Specifically, the DOJ argues Google is restricting distribution for its competitors by making its own software the default – and undeletable – option for consumers. This behavior, the DOJ contends, was proven to be illegal and anticompetitive during Microsoft’s antitrust case nearly 20 years ago.
“Google’s practices are anticompetitive under long-established antitrust law,” states the complaint, filed Tuesday in the US District Court in Washington, DC. “Almost 20 years ago, the DC Circuit in United States v. Microsoft recognized that anticompetitive agreements by a high-tech monopolist shutting off effective distribution channels for rivals…were exclusionary and unlawful.”
While the cases share similarities, Gary Reback — the lawyer who helped launch the antitrust case against Microsoft back in the early 2000s — told Business Insider the key difference is scope.
The Department of Justice originally took a much bigger swing in its antitrust pursuit of Microsoft with a broad list of allegations, but what ultimately stuck in the settlement Microsoft and the DOJ reached in 2001 was that Microsoft couldn’t force PC makers to work exclusively with the company.
The Google complaint zeroes in on this kind of behavior, alleging it uses its market power to negotiate contracts that limit the ability of other search providers to get their apps pre-installed on Android-powered smartphones.
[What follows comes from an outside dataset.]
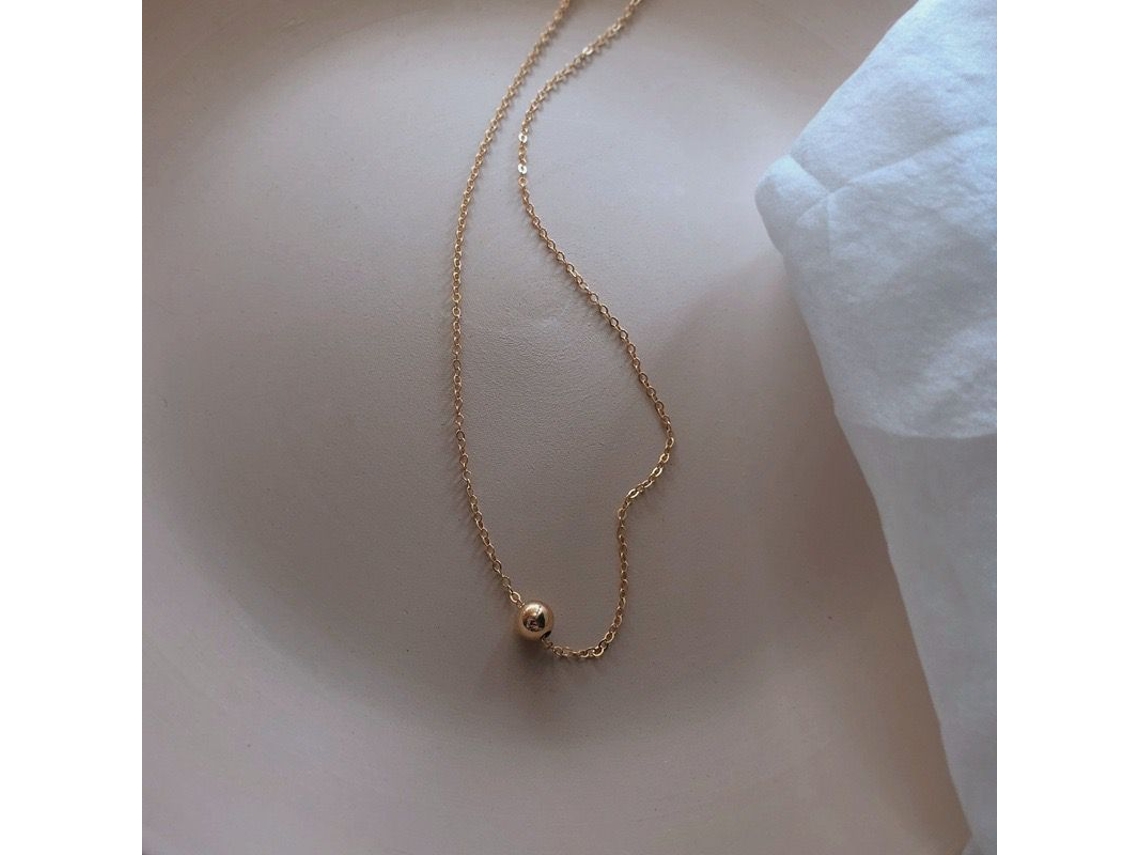 Elegante, Simples e Refrescante, Este Clássico Colar de Mini Feijão Dourado em Prata de Lei 925 É Versátil, um Verdadeiro Clássico. MDUG (dourado)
That could make the government’s case against Google more successful because it won’t become mired in claims that may be harder to prove.
Google was a critic of Microsoft, but now says times have changed
Decades ago, Microsoft found itself under similar scrutiny around distribution after it released its Internet Explorer browser for free to PC makers as part of its operating system to edge out competitor Netscape, which charged a licensing fee. Microsoft and the DOJ ultimately reached a settlement in 2001.
Fast forward to Tuesday, and the new complaint against Google brings up the search giant’s vocal criticism of Microsoft at the time.
“Back then, Google claimed Microsoft’s practices were anticompetitive, and yet, now, Google deploys the same playbook to sustain its own monopolies.” Google called the lawsuit “deeply flawed” in a blog post on Tuesday, but declined to comment further to Business Insider.
“This isn’t the dial-up 1990s, when changing services was slow and difficult, and often required you to buy and install software with a CD-ROM. Today, you can easily download your choice of apps or change your default settings in a matter of seconds—faster than you can walk to another aisle in the grocery store,” Google said in the blog entry.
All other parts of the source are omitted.